Prompt
Please return all of the material exactly, with no line missing.

Listed records
+===+
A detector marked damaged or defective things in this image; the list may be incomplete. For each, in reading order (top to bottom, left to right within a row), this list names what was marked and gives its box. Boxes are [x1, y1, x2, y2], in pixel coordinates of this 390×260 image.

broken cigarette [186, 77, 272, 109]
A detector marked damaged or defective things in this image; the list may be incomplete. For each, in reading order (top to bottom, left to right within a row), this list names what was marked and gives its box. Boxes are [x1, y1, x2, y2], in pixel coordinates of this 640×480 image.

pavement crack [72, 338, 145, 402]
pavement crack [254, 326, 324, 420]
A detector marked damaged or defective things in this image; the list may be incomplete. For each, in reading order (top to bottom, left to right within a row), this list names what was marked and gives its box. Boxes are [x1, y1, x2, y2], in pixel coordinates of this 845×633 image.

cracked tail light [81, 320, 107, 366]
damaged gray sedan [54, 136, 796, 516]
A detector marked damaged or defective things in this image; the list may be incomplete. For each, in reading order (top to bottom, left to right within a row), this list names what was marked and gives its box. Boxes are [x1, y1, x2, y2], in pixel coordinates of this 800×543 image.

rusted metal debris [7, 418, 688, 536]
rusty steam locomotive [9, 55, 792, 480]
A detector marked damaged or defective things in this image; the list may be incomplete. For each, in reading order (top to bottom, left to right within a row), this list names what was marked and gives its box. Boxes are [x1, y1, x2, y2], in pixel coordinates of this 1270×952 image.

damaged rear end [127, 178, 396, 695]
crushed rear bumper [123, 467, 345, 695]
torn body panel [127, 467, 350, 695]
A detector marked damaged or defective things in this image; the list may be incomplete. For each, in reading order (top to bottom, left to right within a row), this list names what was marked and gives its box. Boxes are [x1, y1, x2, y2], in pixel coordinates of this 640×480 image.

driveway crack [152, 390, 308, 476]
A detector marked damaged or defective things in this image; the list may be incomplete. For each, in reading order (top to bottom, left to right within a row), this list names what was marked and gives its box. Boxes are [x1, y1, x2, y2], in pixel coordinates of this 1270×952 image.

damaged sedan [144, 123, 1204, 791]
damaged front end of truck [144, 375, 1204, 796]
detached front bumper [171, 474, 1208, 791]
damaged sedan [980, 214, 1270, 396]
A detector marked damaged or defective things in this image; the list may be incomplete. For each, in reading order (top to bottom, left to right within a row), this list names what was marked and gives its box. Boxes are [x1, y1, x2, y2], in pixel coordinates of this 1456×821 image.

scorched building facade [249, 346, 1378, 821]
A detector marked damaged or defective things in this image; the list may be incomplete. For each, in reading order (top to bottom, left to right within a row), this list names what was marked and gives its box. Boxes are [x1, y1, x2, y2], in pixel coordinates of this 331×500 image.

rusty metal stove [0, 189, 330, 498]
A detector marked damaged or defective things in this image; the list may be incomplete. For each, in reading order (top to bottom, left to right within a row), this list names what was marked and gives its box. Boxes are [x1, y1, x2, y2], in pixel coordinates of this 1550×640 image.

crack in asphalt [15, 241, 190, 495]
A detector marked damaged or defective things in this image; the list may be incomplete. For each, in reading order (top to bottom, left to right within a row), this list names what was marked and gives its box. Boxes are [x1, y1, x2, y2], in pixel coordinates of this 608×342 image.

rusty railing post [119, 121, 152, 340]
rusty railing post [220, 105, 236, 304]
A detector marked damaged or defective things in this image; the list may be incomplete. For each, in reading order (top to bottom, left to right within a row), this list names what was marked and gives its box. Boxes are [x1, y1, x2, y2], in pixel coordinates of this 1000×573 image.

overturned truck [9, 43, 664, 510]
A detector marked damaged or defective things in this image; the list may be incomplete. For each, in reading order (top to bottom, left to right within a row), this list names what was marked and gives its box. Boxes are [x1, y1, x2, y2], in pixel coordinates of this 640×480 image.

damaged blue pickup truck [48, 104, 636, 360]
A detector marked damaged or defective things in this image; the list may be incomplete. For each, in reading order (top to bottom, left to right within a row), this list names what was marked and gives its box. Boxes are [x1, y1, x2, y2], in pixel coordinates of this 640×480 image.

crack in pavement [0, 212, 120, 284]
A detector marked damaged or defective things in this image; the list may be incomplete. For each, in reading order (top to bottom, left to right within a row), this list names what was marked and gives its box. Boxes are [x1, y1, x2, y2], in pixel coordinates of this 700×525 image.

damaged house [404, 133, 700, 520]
+===+
Output of the task
A detector marked damaged or defective things in this image; the list may be incomplete. For each, in reading order (top to bottom, left to right within a row), this list names what was marked and gives its box. Boxes are [x1, y1, x2, y2], in pixel coordinates of this 390×260 image.

broken cigarette [186, 77, 272, 109]
A detector marked damaged or defective things in this image; the list may be incomplete. For each, in reading order (top to bottom, left to right within a row), this list names what was marked and gives its box. Boxes are [x1, y1, x2, y2], in pixel coordinates of this 640×480 image.

pavement crack [72, 338, 145, 402]
pavement crack [254, 326, 324, 420]
A detector marked damaged or defective things in this image; the list may be incomplete. For each, in reading order (top to bottom, left to right within a row), this list names what was marked and gives its box. Boxes are [x1, y1, x2, y2], in pixel coordinates of this 845×633 image.

cracked tail light [81, 320, 107, 366]
damaged gray sedan [54, 136, 796, 516]
A detector marked damaged or defective things in this image; the list may be incomplete. For each, in reading order (top to bottom, left to right within a row), this list names what was marked and gives its box. Boxes are [x1, y1, x2, y2], in pixel coordinates of this 800×543 image.

rusted metal debris [7, 418, 688, 536]
rusty steam locomotive [9, 55, 792, 480]
A detector marked damaged or defective things in this image; the list may be incomplete. For each, in reading order (top to bottom, left to right within a row), this list names what was marked and gives its box. Boxes are [x1, y1, x2, y2], in pixel coordinates of this 1270×952 image.

damaged rear end [127, 178, 396, 695]
crushed rear bumper [123, 467, 345, 695]
torn body panel [127, 467, 350, 695]
A detector marked damaged or defective things in this image; the list may be incomplete. For each, in reading order (top to bottom, left to right within a row), this list names what was marked and gives its box. Boxes are [x1, y1, x2, y2], in pixel coordinates of this 640×480 image.

driveway crack [152, 390, 308, 476]
A detector marked damaged or defective things in this image; the list may be incomplete. For each, in reading order (top to bottom, left to right within a row), this list names what was marked and gives its box. Boxes are [x1, y1, x2, y2], in pixel coordinates of this 1270×952 image.

damaged sedan [144, 123, 1204, 791]
damaged front end of truck [144, 375, 1204, 796]
detached front bumper [171, 474, 1208, 791]
damaged sedan [980, 214, 1270, 396]
A detector marked damaged or defective things in this image; the list may be incomplete. For each, in reading order (top to bottom, left to right within a row), this list names what was marked and gives its box. Boxes are [x1, y1, x2, y2], in pixel coordinates of this 1456×821 image.

scorched building facade [249, 346, 1378, 821]
A detector marked damaged or defective things in this image; the list may be incomplete. For each, in reading order (top to bottom, left to right within a row), this list names what was marked and gives its box. Boxes are [x1, y1, x2, y2], in pixel coordinates of this 331×500 image.

rusty metal stove [0, 189, 330, 498]
A detector marked damaged or defective things in this image; the list may be incomplete. For each, in reading order (top to bottom, left to right within a row), this list names what was marked and gives its box. Boxes are [x1, y1, x2, y2], in pixel coordinates of this 1550×640 image.

crack in asphalt [15, 241, 190, 495]
A detector marked damaged or defective things in this image; the list may be incomplete. For each, in reading order (top to bottom, left to right within a row), this list names what was marked and gives its box. Boxes are [x1, y1, x2, y2], in pixel coordinates of this 608×342 image.

rusty railing post [119, 121, 152, 340]
rusty railing post [220, 105, 236, 304]
A detector marked damaged or defective things in this image; the list may be incomplete. For each, in reading order (top to bottom, left to right within a row), this list names what was marked and gives its box. Boxes are [x1, y1, x2, y2], in pixel coordinates of this 1000×573 image.

overturned truck [9, 43, 664, 510]
A detector marked damaged or defective things in this image; the list may be incomplete. For each, in reading order (top to bottom, left to right within a row), this list names what was marked and gives its box. Boxes are [x1, y1, x2, y2], in pixel coordinates of this 640×480 image.

damaged blue pickup truck [48, 104, 636, 360]
A detector marked damaged or defective things in this image; the list may be incomplete. For each, in reading order (top to bottom, left to right within a row), this list names what was marked and gives its box. Boxes are [x1, y1, x2, y2], in pixel coordinates of this 640×480 image.

crack in pavement [0, 212, 120, 284]
A detector marked damaged or defective things in this image; the list may be incomplete. For each, in reading order (top to bottom, left to right within a row), this list names what was marked and gives its box. Boxes are [x1, y1, x2, y2], in pixel coordinates of this 700×525 image.

damaged house [404, 133, 700, 520]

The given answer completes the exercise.